OR: The problem with VLOOKUP. Wikipedia gives us a table of birthstones, and I think just because it’s Wikipedia, there’s a trailing space after every entry. Pasted into a spreadsheet, the table looks like this:
A | B | C | D | E | |
---|---|---|---|---|---|
1 | Month | Traditional Birthstone(s) | Modern Birthstone(s) | Mystical Birthstone | Ayurvedic Birthstone |
2 | January | Garnet | Garnet | Emerald | Garnet |
3 | February | Amethyst | Amethyst | Bloodstone | Amethyst |
4 | March | Bloodstone, Jasper | Aquamarine | Jade | Bloodstone |
5 | April | Diamond, Sapphire | Diamond | Opal | Diamond |
6 | May | Emerald, Agate | Emerald | Sapphire | Agate |
7 | June | Alexandrite, Emerald | Moonstone, Pearl | Moonstone | Pearl |
8 | July | Ruby, Onyx | Ruby | Ruby | Ruby |
9 | August | Sardonyx, Carnelian | Peridot | Diamond | Sapphire |
10 | September | Sapphire, Peridot | Sapphire | Agate | Moonstone |
11 | October | Tourmaline, Aquamarine | Opal, Tourmaline | Jasper | Opal |
12 | November | Citrine, Topaz | Topaz, Citrine | Pearl | Topaz |
13 | December | Zircon, Ruby | Turquoise, Blue Topaz | Onyx | Ruby |
(Only there for completeness, the mystical stones have Tibetan origin, and the Ayurvedic stones have Indian sub-continent origin.) If you want to know the modern birthstone for April, you might use the VLOOKUP() function, probably as follows:
- =VLOOKUP(“April”,A1:E13,3,FALSE)
“April” for the month, A1:E13 as the array to search, 3 as the column from which to return, and FALSE because Months are not in an alphabetic sort and you want an exact match. If you do, you’ll get a #N/A error, indicating no match. That’s because of Wiki’s trailing space after April in A:A. Lets define a name: Birthstones =Sheet!$A$1:$E$13. Proper syntax could be:
- =VLOOKUP(“April “,A1:E13,3,FALSE)
- =VLOOKUP(“April “,Birthstones,3,FALSE)
- =VLOOKUP(“April”&”*”,A1:E13,3,FALSE)
- =VLOOKUP(“April”&”*”,Birthstones,3,FALSE)
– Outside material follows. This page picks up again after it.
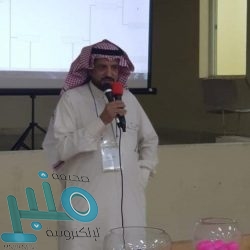 أمانة الباحة تغلق محال مخالفة وتضبط أغذية تالفة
All Return “Diamond “. Note the added wildcard asterisk in the last examples. You can use wildcards in FALSE VLOOKUPs, and you can do it front and back: =VLOOKUP(“*”&”April”&”*”,Birthstones,3,FALSE). But what if you want to know which month has the modern birthstone of Opal? You can’t use VLOOKUP() at all, because it only looks to the right, and the first column is the one searched. When I first encountered this limitation, my fix would be to add a column F:F to the right edge equal to A:A, and look right. It works, but there is a much better way. Lets define some more names:
- Month =Sheet1!$A$1:$A$13
- Traditional =Sheet1!$B$1:$B$13
- Modern =Sheet1!$C$1:$C$13
- Headings =Sheet1!$A$1:$E$1
The MATCH() function searches a 1*n or a n*1 array and returns the 1-based number where the match is found. It takes a third argument which gives the match type. When the match type argument is 0 (zero), MATCH() looks for exact matches, and can take wildcards, functioning akin to VLOOKUP() when set FALSE. Looking for Opal in the modern birthstones could be:
- =MATCH(“*”&”Opal”&”*”,C1:C13,0)
- =MATCH(“*”&”Opal”&”*”,Modern,0)
The INDEX() function specifies an array and specifies how far down to go within which column of the array, and doesn’t care left or right. Remembering that MATCH() returns a number, the syntax could be:
- =INDEX(A1:E13,11,1) Opal being the 11th entry in C1:C13, and we thus want the 11th item from Column 1 (A1:A13)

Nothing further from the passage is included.